Enfin, les intimés, solidairement entre eux, verseront à l'appelante 16'000 fr., débours et TVA compris, à titre de dépens d'appel (art. 84, 85, 89 et 90 RTFMC; art. 25 et 26 LaCC).

* * * * *


PAR CES MOTIFS,
La Chambre civile :

A la forme :

Déclare recevable l'appel interjeté le 14 octobre 2020 par A______ contre le jugement JTPI/10655/2020 rendu le 7 septembre 2020 par le Tribunal de première instance dans la cause C/19638/2012.

Au fond :

Annule les chiffres 1 et 3 à 5 du dispositif du jugement entrepris, et cela fait, statuant à nouveau :

Admet la revendication de A______ sur la parcelle n° 1______ sise chemin 2______ [no.] ______ dans la commune de D______ (Genève) visée dans le cadre du séquestre 7______ et du procès-verbal de saisie du 10 janvier 2013 (série n° 8______) et dit que ce bien immobilier ne peut pas être saisi au bénéfice des créanciers de C______.

Met solidairement les frais judiciaires de première instance à la charge de C______ et B______ LTD.

Condamne C______ et B______ LTD, pris solidairement, à verser la somme de 2'400 fr. à A______ au titre de remboursement des frais judiciaires de première instance.

Condamne C______ et B______ LTD, pris solidairement, à verser la somme de 45'600 fr. à l'Etat de Genève, soit pour lui les Services financiers du Pourvoir judiciaire, au titre de solde des frais judiciaires de première instance.

Condamne C______ et B______ LTD, pris solidairement, à verser la somme de 28'000 fr. à A______ au titre de dépens de première instance.

Déboute les parties de toutes autres conclusions.

Sur les frais :

Arrête les frais judiciaires d'appel à 43'200 fr., dit qu'ils sont entièrement compensés avec l'avance fournie, qui reste acquise à l'Etat de Genève, et les met solidairement à la charge de C______ et B______ LTD.

Condamne C______ et B______ LTD, pris solidairement, à verser la somme de 43'200 fr. à A______ au titre de remboursement des frais judiciaires d'appel.

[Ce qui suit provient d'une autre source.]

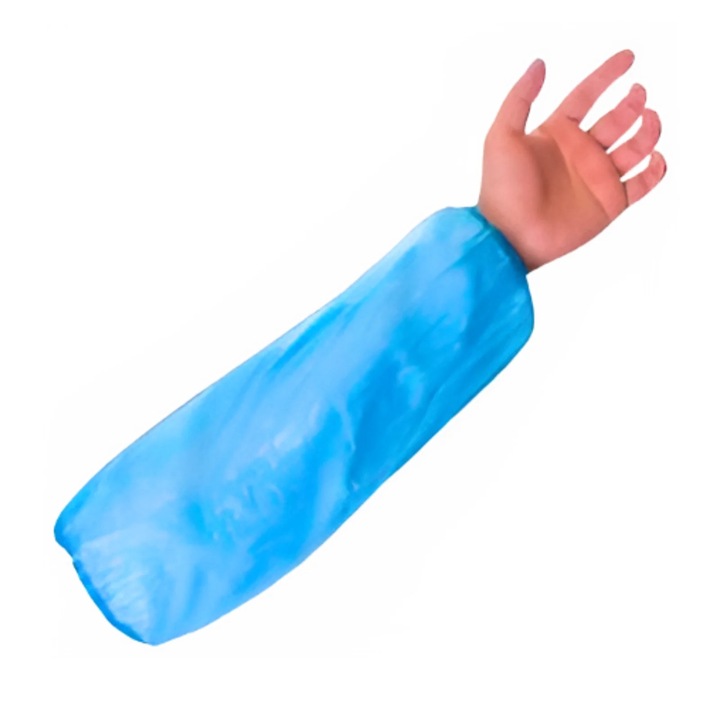 Manecute de protectie tip cotiere, din CPE, grosime 30 microni, L=40 cm, albastre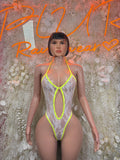 Festival Outfit One-Piece Bodysuit - Neon Green | Exotic Dancewear for Performers, Raves, & Festival Clothing
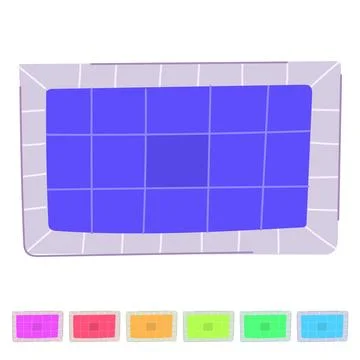 Inflatable top view pool vector cartoon graphic Stock Illustration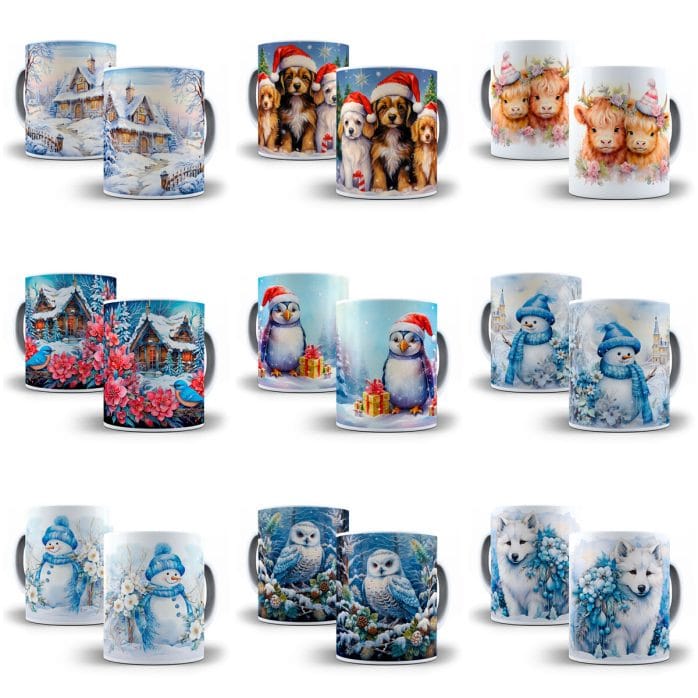 +130 Estampas Caneca Natal 3D Sublimação Arquivos Png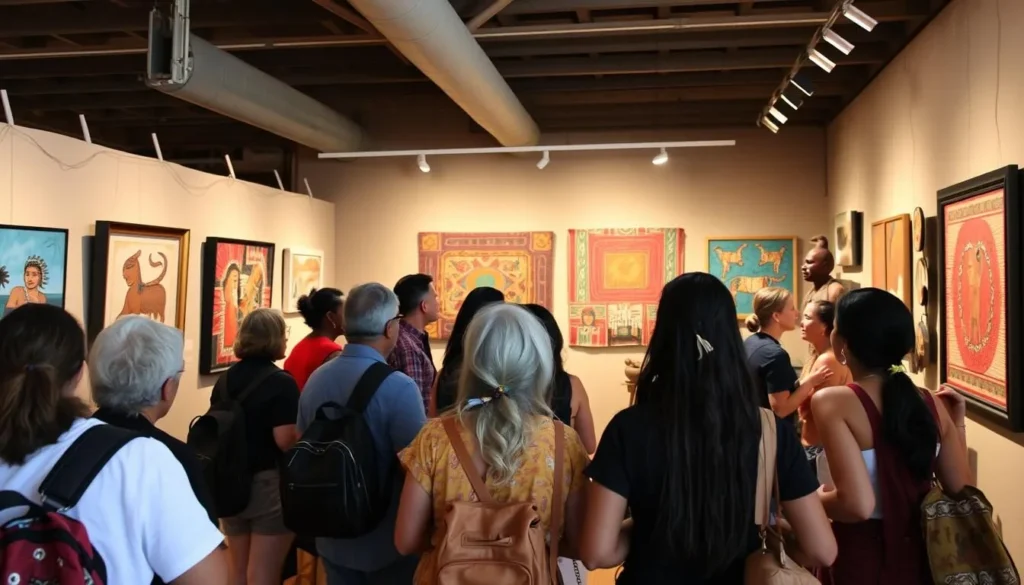 Tourists viewing Tiwi art at a local art center with indigenous artists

Condamne C______ et B______ LTD, pris solidairement, à verser la somme de 16'000 fr. à A______ au titre de dépens d'appel.

Siégeant :

Madame Jocelyne DEVILLE-CHAVANNE, présidente; Madame
Verena PEDRAZZINI RIZZI, Madame Nathalie LANDRY-BARTHE, juges;
Madame Jessica ATHMOUNI, greffière.

 

 

 

 

 

 

 

 

 

 

 

 

 

 

 

 

 

 

 

 

 

 

Indication des voies de recours :

 

Conformément aux art. 72 ss de la loi fédérale sur le Tribunal fédéral du 17 juin 2005 (LTF; RS 173.110), le présent arrêt peut être porté dans les trente jours qui suivent sa notification avec expédition complète (art. 100 al. 1 LTF) par-devant le Tribunal fédéral par la voie du recours en matière civile.

 

Le recours doit être adressé au Tribunal fédéral, 1000 Lausanne 14.

 

Valeur litigieuse des conclusions pécuniaires au sens de la LTF supérieure ou égale à 30'000 fr.